Recorded on other calls: the operation’s biggest catch, Jesus Quiñones Máquez, a high-ranking Mexican official and alleged cartel operative code-named “El Riñón,” or “The Kidney.” As he worked and socialized with U.S. law enforcement officials in his role as international liaison for the Baja California attorney general’s office, Quiñones passed confidential information to cartel bosses and directed Mexican police to take action against rival traffickers, prosecutors say.

He and 34 other suspects are now in U.S. jails. The remaining eight are still at large.

Investigators told The Washington Post that it is not unusual for Mexican cartel leaders and their underlings to move north to seek refuge, or place representatives in such cities as Los Angeles, Chicago and Atlanta to manage large deliveries of drugs. But the Fernando Sánchez Organization was more ambitious. It was building a network in San Diego, complete with senior managers to facilitate large and small drug shipments and sales.”

The gang being organized in San Diego is an offshoot of the Tijuana cartel, led by baby-faced Fernando Sanchez Arellano, a nephew of the once fearsome Arellano-Felix brothers who ran the Tijuana drug trade for almost 20 years before they were captured or killed. The nephew’s organization is a weaker syndicate, at war with itself and rivals, police say, and locked in a desperate struggle to maintain market share in the highly competitive billion-dollar drug corridor into California.

“Unlike the cartel crews in Mexico, which are typically built on strong ties between families or friends, the San Diego franchise recruited from U.S.-based Latino street gangs. Some were illegal immigrants, others U.S. citizens,” the story said citing evidence obtained from arrest warrants.

Twelve of the 43 indicted have alleged gang affiliations in San Diego. Six of the 43 are current or former Mexican law enforcement officers. Eight are women.

“You couldn’t pick these people out of a crowd,” Leonard Miranda, a retired captain in the Chula Vista, Calif., police department who worked on the investigation told The Washington Post. “Some of them kept a very low profile.

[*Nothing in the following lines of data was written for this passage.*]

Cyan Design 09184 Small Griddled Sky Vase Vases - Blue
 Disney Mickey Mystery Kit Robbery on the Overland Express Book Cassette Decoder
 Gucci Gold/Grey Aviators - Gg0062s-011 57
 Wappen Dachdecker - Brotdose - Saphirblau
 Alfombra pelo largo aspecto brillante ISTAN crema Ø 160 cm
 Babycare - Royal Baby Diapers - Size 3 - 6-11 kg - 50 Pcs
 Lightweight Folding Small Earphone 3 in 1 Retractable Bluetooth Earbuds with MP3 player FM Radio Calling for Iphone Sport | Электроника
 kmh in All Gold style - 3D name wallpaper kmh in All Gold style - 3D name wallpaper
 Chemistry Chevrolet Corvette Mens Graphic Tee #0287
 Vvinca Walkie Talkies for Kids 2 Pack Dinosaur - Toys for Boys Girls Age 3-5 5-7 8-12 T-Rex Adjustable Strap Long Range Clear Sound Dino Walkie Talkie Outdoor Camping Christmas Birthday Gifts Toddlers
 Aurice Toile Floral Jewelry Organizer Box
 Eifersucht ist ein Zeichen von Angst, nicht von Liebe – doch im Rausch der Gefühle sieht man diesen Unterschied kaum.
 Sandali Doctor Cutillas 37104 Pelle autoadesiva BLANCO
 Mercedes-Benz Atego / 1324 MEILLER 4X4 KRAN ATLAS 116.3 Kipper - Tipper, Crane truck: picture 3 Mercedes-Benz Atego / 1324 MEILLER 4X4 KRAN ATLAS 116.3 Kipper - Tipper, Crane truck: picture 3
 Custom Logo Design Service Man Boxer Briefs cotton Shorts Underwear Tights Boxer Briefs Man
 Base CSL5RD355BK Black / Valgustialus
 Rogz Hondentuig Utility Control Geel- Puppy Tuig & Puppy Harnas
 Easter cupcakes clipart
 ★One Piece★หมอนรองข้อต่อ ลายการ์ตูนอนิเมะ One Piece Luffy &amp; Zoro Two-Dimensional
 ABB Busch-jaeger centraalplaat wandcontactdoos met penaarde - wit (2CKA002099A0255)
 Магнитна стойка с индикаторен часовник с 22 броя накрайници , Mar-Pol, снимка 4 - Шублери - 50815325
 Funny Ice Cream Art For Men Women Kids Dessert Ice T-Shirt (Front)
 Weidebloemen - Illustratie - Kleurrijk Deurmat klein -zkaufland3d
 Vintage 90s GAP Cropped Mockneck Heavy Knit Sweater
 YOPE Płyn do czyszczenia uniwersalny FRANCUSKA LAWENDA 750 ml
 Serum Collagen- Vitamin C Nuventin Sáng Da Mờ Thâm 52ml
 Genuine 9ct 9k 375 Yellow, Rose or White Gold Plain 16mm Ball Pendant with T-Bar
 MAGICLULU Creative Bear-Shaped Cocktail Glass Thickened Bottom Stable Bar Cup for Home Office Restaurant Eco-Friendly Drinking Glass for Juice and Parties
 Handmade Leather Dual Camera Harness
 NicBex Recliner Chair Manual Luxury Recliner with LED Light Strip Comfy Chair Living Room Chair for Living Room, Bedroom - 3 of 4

Their family members didn’t even know.”

According to the 86-page federal racketeering indictment unsealed July 23 quoted by The Post, cartel members operated stash houses, managed smuggling crews, distributed marijuana and methamphetamine, trafficked weapons, laundered money, committed robberies and collected drug debts. When people did not pay, they were kidnapped or targeted with execution on both sides of the border.

According to U.S. law enforcement officials, the Mexican government was not involved in the investigation.